What the exercise asks: Write out the entries below exactly, but only from the line containing "Immagine 14 di" through the line containing "title Pria di", and without the pictures.

Data provided:
# # # # # # #

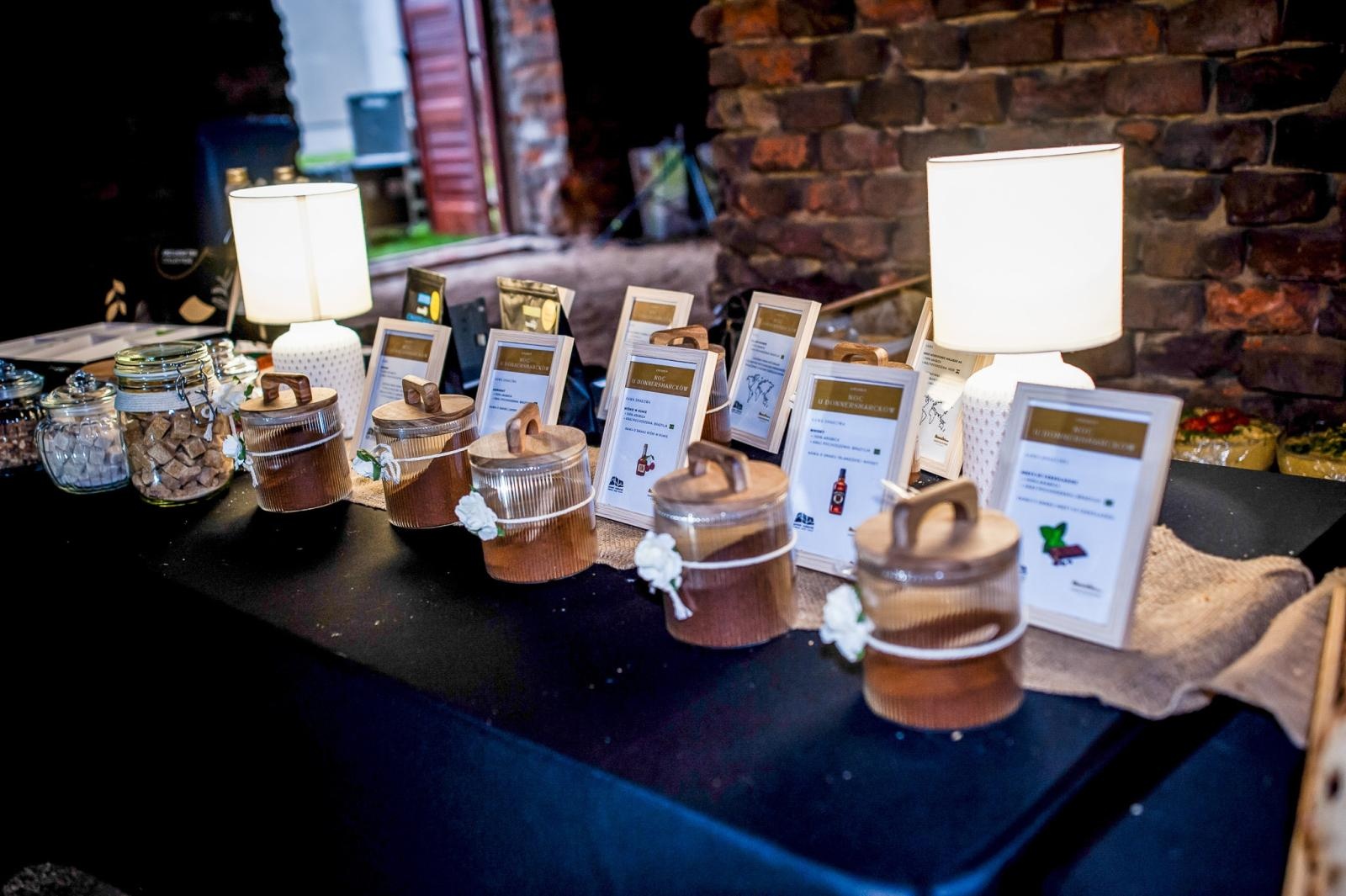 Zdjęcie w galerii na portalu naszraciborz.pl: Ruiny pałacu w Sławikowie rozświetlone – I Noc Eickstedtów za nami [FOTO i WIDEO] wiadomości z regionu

# # # # # # #

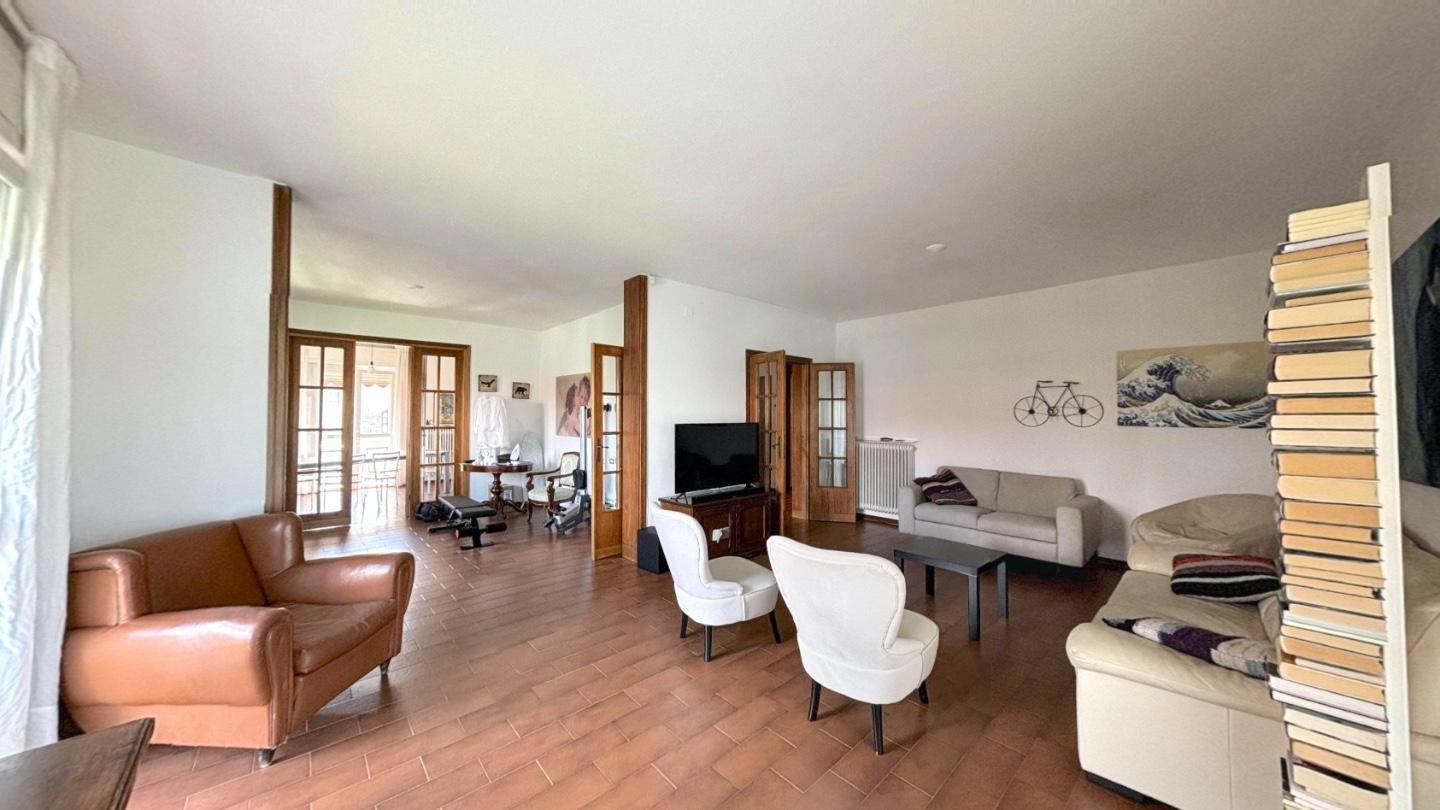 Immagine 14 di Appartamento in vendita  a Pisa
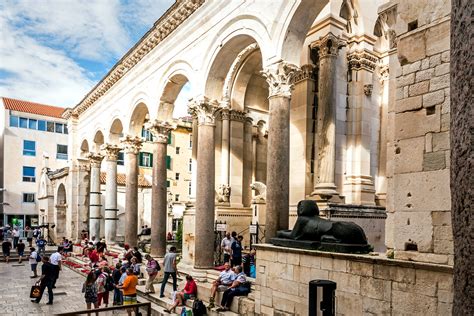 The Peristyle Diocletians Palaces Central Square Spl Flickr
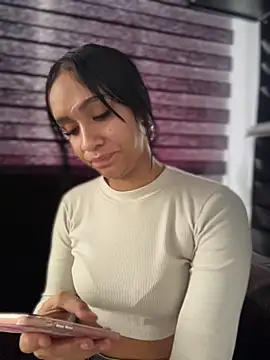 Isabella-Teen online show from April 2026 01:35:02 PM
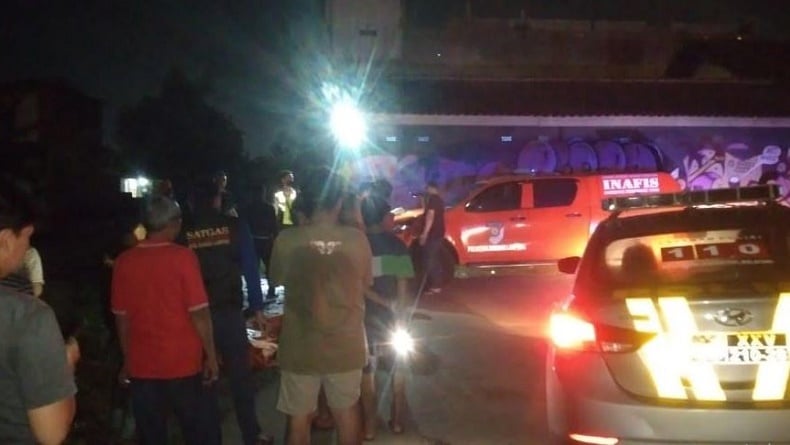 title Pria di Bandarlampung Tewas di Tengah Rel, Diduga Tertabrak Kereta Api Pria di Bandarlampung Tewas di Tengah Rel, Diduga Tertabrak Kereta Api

# # # # # # #

Answer to the problem:
 Immagine 14 di Appartamento in vendita  a Pisa
 The Peristyle Diocletians Palaces Central Square Spl Flickr
 Isabella-Teen online show from April 2026 01:35:02 PM
 title Pria di Bandarlampung Tewas di Tengah Rel, Diduga Tertabrak Kereta Api Pria di Bandarlampung Tewas di Tengah Rel, Diduga Tertabrak Kereta Api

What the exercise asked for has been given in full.